Finally, a remand is mandated. The trial court erred in maintaining the defendants' exception of prescription and peremption. Moreover, in dismissing Coffey's claim as untimely, the trial court erred in not giving her an opportunity to amend her pleadings under La. C.C.P. art. 934 which states:

When the grounds of the objection pleaded by the peremptory exception may be removed by amendment of the petition, the judgment sustaining the exception shall order such amendment within the delay allowed by the court. If the grounds of the objection cannot be so removed, or if plaintiff fails to comply with the order to amend, the action shall be dismissed.

DECREE

The trial court's judgment sustaining defendants' exception of prescription and peremption is vacated and the matter is remanded to the trial court for further proceedings. The issue of the constitutionality of La. R.S. 9:5605 is pretermitted. Costs of this appeal are assessed to the defendants.

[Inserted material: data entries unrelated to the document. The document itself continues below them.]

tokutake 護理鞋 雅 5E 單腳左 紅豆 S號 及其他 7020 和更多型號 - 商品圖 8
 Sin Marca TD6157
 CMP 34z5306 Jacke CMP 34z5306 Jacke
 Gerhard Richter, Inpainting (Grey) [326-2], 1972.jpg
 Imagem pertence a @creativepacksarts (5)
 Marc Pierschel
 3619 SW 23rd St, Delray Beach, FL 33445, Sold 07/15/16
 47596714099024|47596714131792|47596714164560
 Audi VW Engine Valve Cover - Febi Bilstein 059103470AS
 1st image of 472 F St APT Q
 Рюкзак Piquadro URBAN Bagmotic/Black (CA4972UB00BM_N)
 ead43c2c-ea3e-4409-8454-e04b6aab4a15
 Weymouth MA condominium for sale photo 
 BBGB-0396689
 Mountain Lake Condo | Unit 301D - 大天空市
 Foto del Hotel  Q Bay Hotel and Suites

JUDGMENT VACATED. MATTER REMANDED FOR FURTHER PROCEEDINGS.

CARAWAY, J., concurs with written reasons.

CARAWAY, J., concurring.

I concur in the majority's reversal of the trial court. The plaintiff has alleged a cause of action for fraudulent misrepresentation which is distinct from a claim for legal malpractice. Such cause of action is not facially prescribed, and its merits should not be tried summarily through an exception of prescription.

FootNotes


1. See Flowers, Inc. v. Rausch, 364 So.2d 928 (La.1978).